● Exercise objective: Reproduce the records without their pictures, keeping every word as it is.

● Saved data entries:
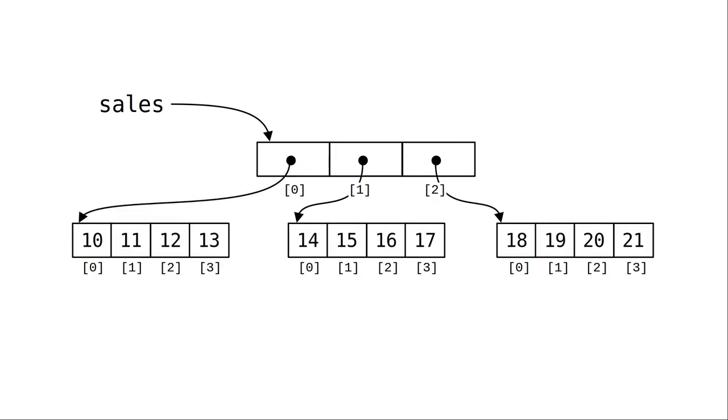Sales is a reference to a list of length 3, as there are three rows. And each of the items in that list is a reference to another sub-list with the items for that row.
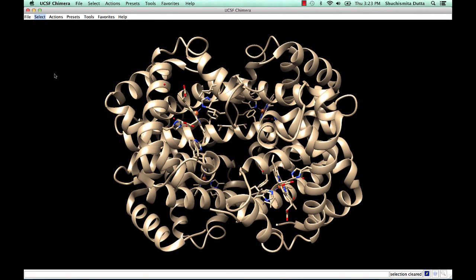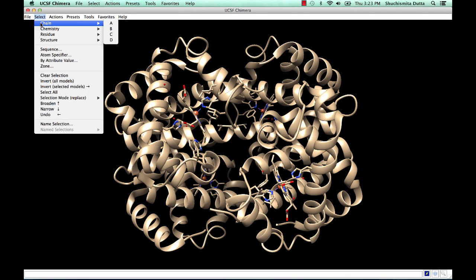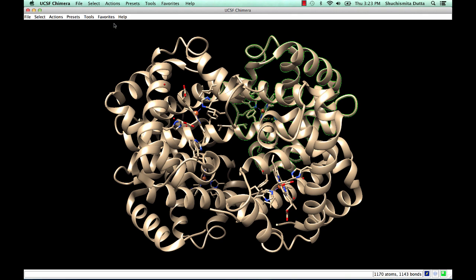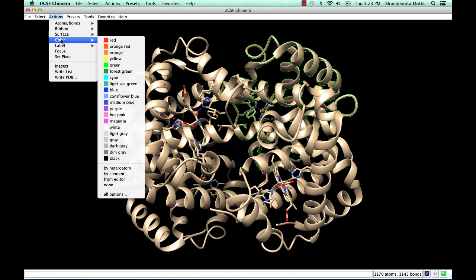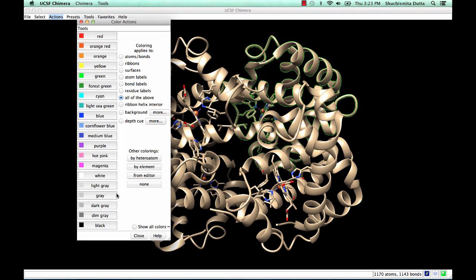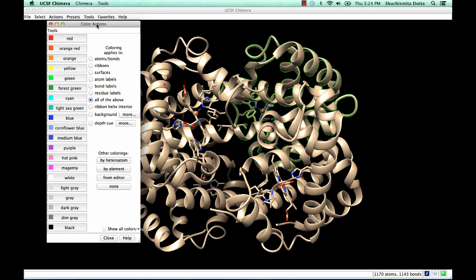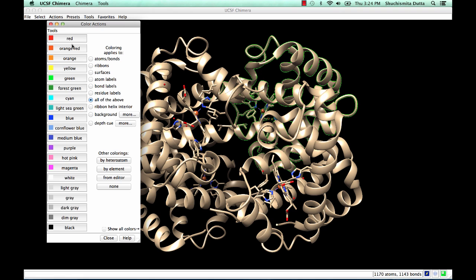In the next part, we will color chain A in red. For that, we select chain A, go to the Actions menu, and pull up all the options for color. Notice that the Coloring Applies to option has various choices. You can either selectively color the ribbons, surfaces, atom labels, bond labels, or apply a color to all of the above.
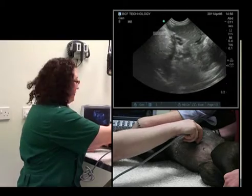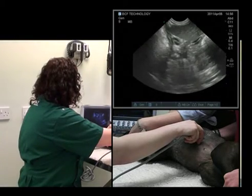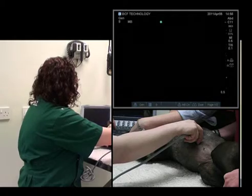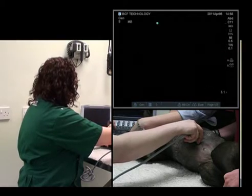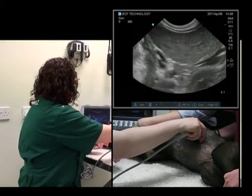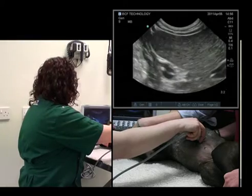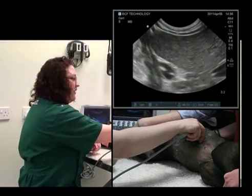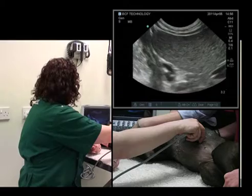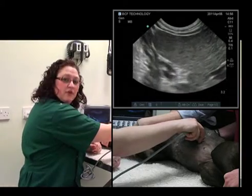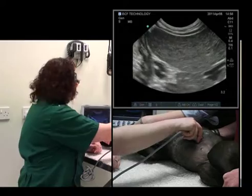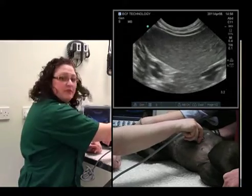First off, we'll start with depth. And that's occupying about three quarters of the screen. Looking at overall gain and time gain compensation, it looks pretty good, so we'll leave those alone.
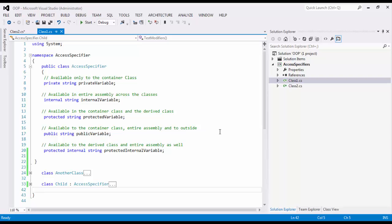Another one which many programmers by nature, by default, start typing with public which is not a very good programming practice. You should know what is an appropriate access modifier for that particular member variable at a given point of time rather than defining everything as public. Because public means it's open. Anybody can access it. Public means it is available to the container within the assembly and outside the assembly. It is available everywhere.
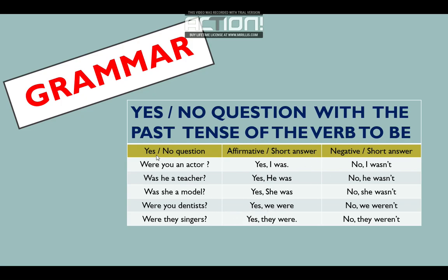Continue. ¿Qué tenemos? Yes/no questions. ¿Por qué decimos yes/no questions? Porque comienza con were and was. Affirmative and short answer: yes, I was. Affirmative significa positivo. Yes, I was. Y negative: no, I wasn't.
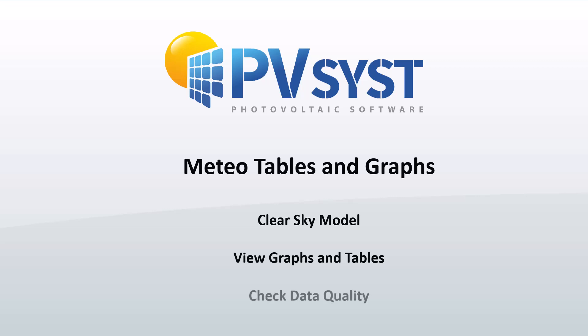Finally, we will explore the Check Data Quality tool to determine that our Meteo files are properly set.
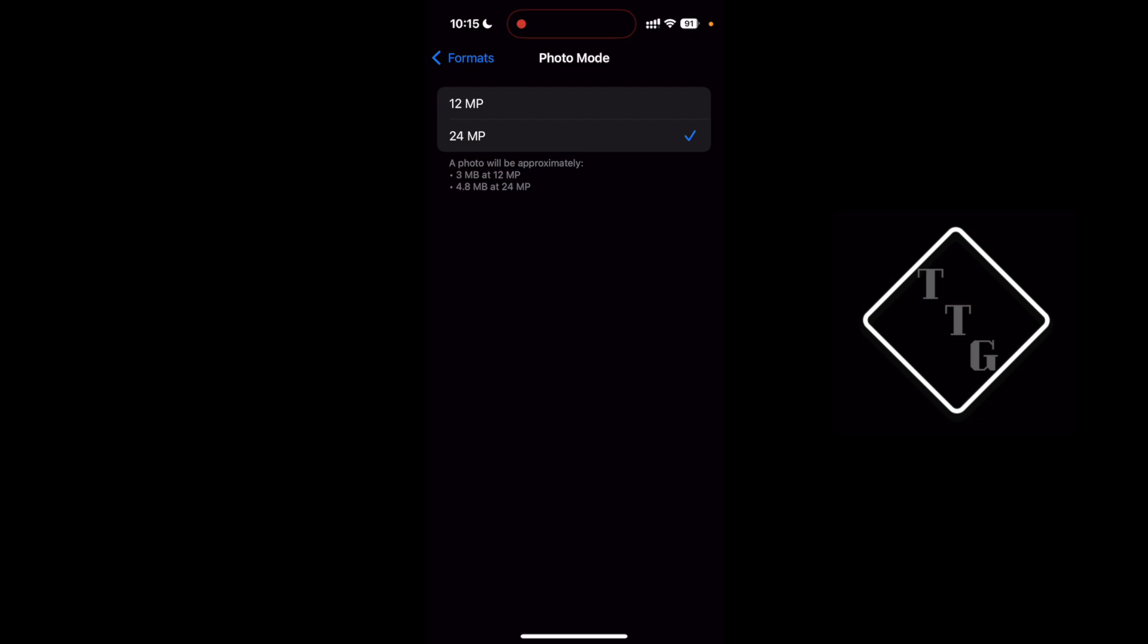In here you can choose these two options. If you want a smaller file size you can hit 12 megapixel and each 12 megapixel file or image will come to right around 3 megabytes and the 24 output will come to about 4.8. So there's not that much of a difference in terms of file size.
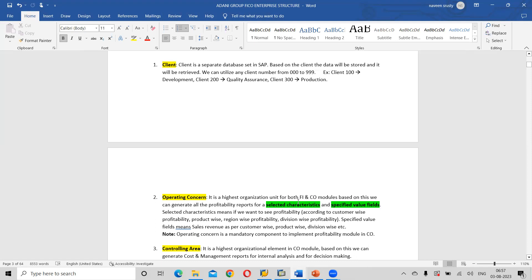Operating concern is very, very important. It is the highest organizational unit for both FI and CO — not only FI and CO, but for all modules. But our module is FI and CO, that is the reason I have mentioned it here. Most of the reports we will generate from the FI and CO module itself. Based on this, we can generate all the profitability reports.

● Response to this exercise:
Sales is a reference to a list of length 3, as there are three rows. And each of the items in that list is a reference to another sub-list with the items for that row.
In the next part, we will color chain A in red. For that, we select chain A, go to the Actions menu, and pull up all the options for color. Notice that the Coloring Applies to option has various choices. You can either selectively color the ribbons, surfaces, atom labels, bond labels, or apply a color to all of the above.
First off, we'll start with depth. And that's occupying about three quarters of the screen. Looking at overall gain and time gain compensation, it looks pretty good, so we'll leave those alone.
Another one which many programmers by nature, by default, start typing with public which is not a very good programming practice. You should know what is an appropriate access modifier for that particular member variable at a given point of time rather than defining everything as public. Because public means it's open. Anybody can access it. Public means it is available to the container within the assembly and outside the assembly. It is available everywhere.
Continue. ¿Qué tenemos? Yes/no questions. ¿Por qué decimos yes/no questions? Porque comienza con were and was. Affirmative and short answer: yes, I was. Affirmative significa positivo. Yes, I was. Y negative: no, I wasn't.
Finally, we will explore the Check Data Quality tool to determine that our Meteo files are properly set.
In here you can choose these two options. If you want a smaller file size you can hit 12 megapixel and each 12 megapixel file or image will come to right around 3 megabytes and the 24 output will come to about 4.8. So there's not that much of a difference in terms of file size.
Operating concern is very, very important. It is the highest organizational unit for both FI and CO — not only FI and CO, but for all modules. But our module is FI and CO, that is the reason I have mentioned it here. Most of the reports we will generate from the FI and CO module itself. Based on this, we can generate all the profitability reports.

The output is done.